Every book begins with an idea in the author’s mind. The aim of the author is to formulate this idea clearly and build an argument around it that is convincing enough to “hammer” the key points home. A compelling argument evolves over the space of multiple chapters where each consecutive chapter builds on the previous one, going deeper into the subject matter. Metaphorically speaking, each chapter represents a hammer blow on the surface of the frozen lake. With each blow, the ice gets weaker and the end goal of breaking it draws nearer.
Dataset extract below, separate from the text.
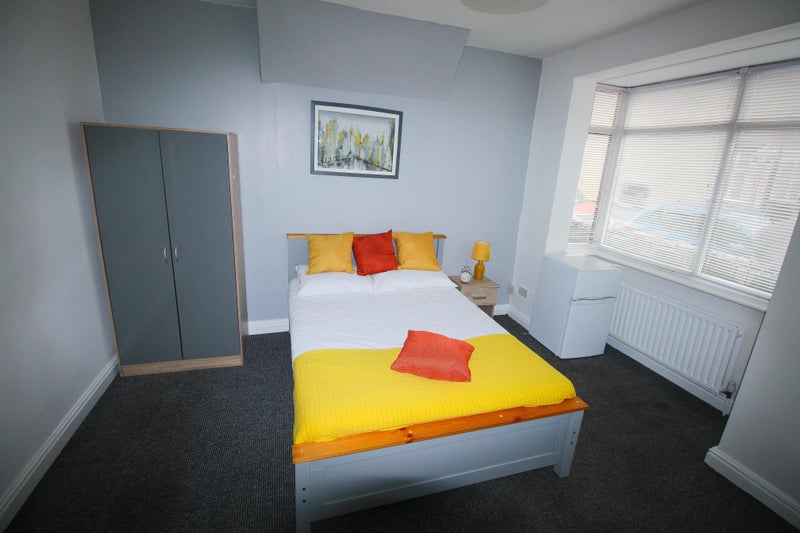 Superb Furnished Double Room To Rent - student accommodation in Lincoln - img_1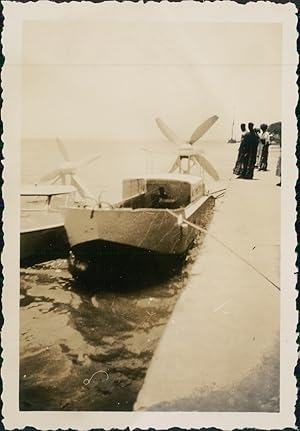 Sénégal, Dakar, hydroglisseurs à quai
2. Striking in a focal point works better than scraping and thinning a wider area

When writing, it is essential to have the core idea firmly fixed in your mind in order to keep each chapter focused on the topic. While different chapters view the topic from different angles, they are all directed towards the same end. Getting distracted by chasing multiple topics will not get you space on the shelves of the bookstores. Similarly, breaking the surface of a frozen lake requires blows in the same spot. After all, you won’t make a hole in the ice by scraping and thinning a wide area of the ice sheet with a knife.

3. Editing is gnawing

Editing is a crucial aspect of successful writing. The editing process is gruelling work because it requires making tough choices. In nature, Arctic seals in the winter need to maintain the holes in the ice sheet to be able to come out on the surface to breathe. They do this by constantly gnawing ice off the edges of the hole to keep it from freezing over. Similarly, editing requires constant gnawing, milling and perfecting of the text and ultimately of the ideas. 

And when you eventually succeed in digging a hole in the ice, be careful not to drop the hammer in the lake. You may need it for digging another hole, i.e. writing another book.